Epitopes in HIV polymerase were analyzed by peptide binding to human leukocyte antigen (HLA) A0201 molecules, the most frequent HLA class in the Caucasian population. We found that HIV-1 protease peptides representing both the wild type and anticipated drug resistance variants of the sequence bound well to HLA-A0201. We also found that wild type as well as a double mutated variant of the epitope was strongly immunogenic in HLA-A0201 transgenic mice, either as individual peptides or encoded in DNA multi-CTL epitope constructs. Immunological cross-reactivity between different variants of the peptide could be seen, suggesting that it may be possible to induce a broad immune response by immunizing with drug resistance-mutated epitopes. This may be of advantage for HIV-1 infected patients since such a response may cause a better outcome of an anti-retroviral drug therapy.

Multigene/multisubtype HIV-1 vaccine induces potent cellular and humoral immune responses by needle-free intradermal delivery.

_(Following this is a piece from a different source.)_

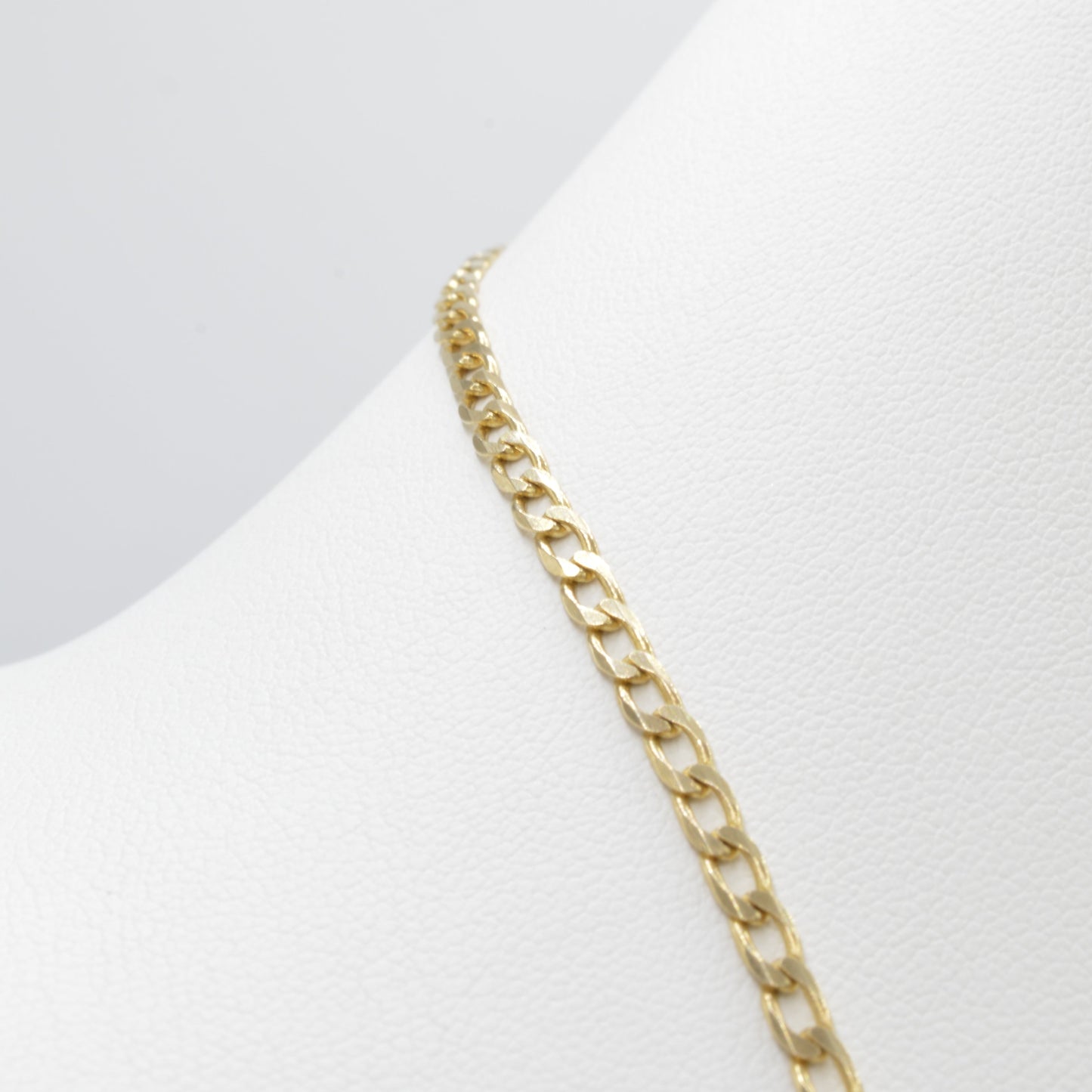 Flat Curb Chain, 30"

Gene vaccination encounters problems different from those of gene therapy since both a short half-life of the gene and a strong immune response to the gene product are desirable. We have evaluated a DNA vaccine consisting of seven plasmids encoding nine HIV-1 proteins. Using a needle-free delivery device, the Biojector, together with recombinant mouse GM-CSF, this vaccine induced strong gp160 Env- and p24 Gag-specific cellular and humoral immune responses in mice. The rGM-CSF was crucial for inducing both antibodies and antigen-specific CD8(+) T cell responses against both gp160 and p24. A GMP-produced lot of this vaccine, intended for human use, was delivered intradermally or intramuscularly into BALB/c mice at a GLP-accredited animal facility. This vaccine induced strong cellular responses independent of the route of immunization; moreover, no signs of toxicity were detected after histopathological examination of various tissues. Overall, the results indicate that the intradermal delivery of multigene/multisubtype HIV DNA in combination with recombinant GM-CSF is a safe and efficacious strategy for inducing high levels of specific CD8(+) T cells and unusually high titers of antibodies. This vaccine has been approved by the Swedish Medicinal Products Agency and is currently in a Phase I clinical trial.

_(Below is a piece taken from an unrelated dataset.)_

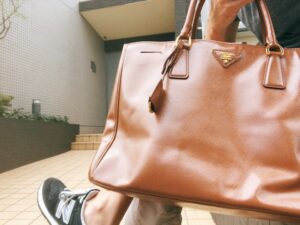 メンズがラクサスでPRADAのバッグを借りてみた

Reverse transcriptase-based DNA vaccines against drug-resistant HIV-1 tested in a mouse model.

Drug resistance is becoming a problem in the treatment of the human immunodeficiency virus type one (HIV-1). To obtain therapeutic DNA vaccines that would target multiple drug-resistance (DR) mutations, we cloned genes for DR HIV-1 reverse transcriptase (RT) and codon-optimized synthetic genes encoding clusters of human CTL epitopes located at the sites of DR-mutations (RT minigenes) and antibody and CTL-epitope tags. Expression of RT genes/minigenes in eukaryotic cells was confirmed by Western blotting and immunofluoresence staining with RT- or tag-specific antibodies. Immunization of mice with DR-RT gene induced no RT-specific antibodies. Immunization of HLA-A(*)0201-transgenic mice with RT minigenes induced RT-specific cellular responses detected by interferon-gamma secretion. This documents first steps in creating therapeutic vaccine against drug-resistant HIV strains.